_Extracted records_:
● ● ●
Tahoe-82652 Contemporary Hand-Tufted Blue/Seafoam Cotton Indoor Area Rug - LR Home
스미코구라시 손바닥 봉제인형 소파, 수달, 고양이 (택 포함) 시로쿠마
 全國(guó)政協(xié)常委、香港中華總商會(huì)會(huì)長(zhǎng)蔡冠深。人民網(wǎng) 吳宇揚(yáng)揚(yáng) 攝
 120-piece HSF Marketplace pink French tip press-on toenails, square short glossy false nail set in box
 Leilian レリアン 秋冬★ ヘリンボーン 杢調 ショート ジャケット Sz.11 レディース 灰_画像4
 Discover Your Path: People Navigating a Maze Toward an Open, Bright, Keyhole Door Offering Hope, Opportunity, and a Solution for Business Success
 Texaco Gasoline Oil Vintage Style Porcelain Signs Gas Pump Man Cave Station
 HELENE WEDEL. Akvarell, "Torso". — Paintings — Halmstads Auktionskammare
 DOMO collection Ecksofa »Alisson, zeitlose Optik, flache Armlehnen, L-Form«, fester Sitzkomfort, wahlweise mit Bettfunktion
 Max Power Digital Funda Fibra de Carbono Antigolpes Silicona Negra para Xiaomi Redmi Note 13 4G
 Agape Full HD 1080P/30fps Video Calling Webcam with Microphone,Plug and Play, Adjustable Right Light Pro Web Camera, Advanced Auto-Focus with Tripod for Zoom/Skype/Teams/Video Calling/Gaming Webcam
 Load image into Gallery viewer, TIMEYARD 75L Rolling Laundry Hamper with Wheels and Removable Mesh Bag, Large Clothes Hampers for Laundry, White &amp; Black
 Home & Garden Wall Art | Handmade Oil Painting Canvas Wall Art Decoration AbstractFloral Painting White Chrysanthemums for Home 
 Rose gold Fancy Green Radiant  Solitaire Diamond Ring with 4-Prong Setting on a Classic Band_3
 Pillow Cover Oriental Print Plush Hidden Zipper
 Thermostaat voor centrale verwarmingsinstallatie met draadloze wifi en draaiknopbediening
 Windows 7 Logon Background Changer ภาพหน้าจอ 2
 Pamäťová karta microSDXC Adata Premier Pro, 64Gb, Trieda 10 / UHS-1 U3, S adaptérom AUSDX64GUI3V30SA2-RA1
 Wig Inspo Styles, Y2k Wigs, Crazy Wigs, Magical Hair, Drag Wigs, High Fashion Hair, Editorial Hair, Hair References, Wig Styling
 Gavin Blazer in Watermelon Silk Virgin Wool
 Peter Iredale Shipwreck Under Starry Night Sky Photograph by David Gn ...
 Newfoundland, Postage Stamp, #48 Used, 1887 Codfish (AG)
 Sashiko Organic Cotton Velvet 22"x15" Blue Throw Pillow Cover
● ● ●
_Requirement_: Work out how many lines in the entries contain "with" and give that number alone.

_Output of the task_: 3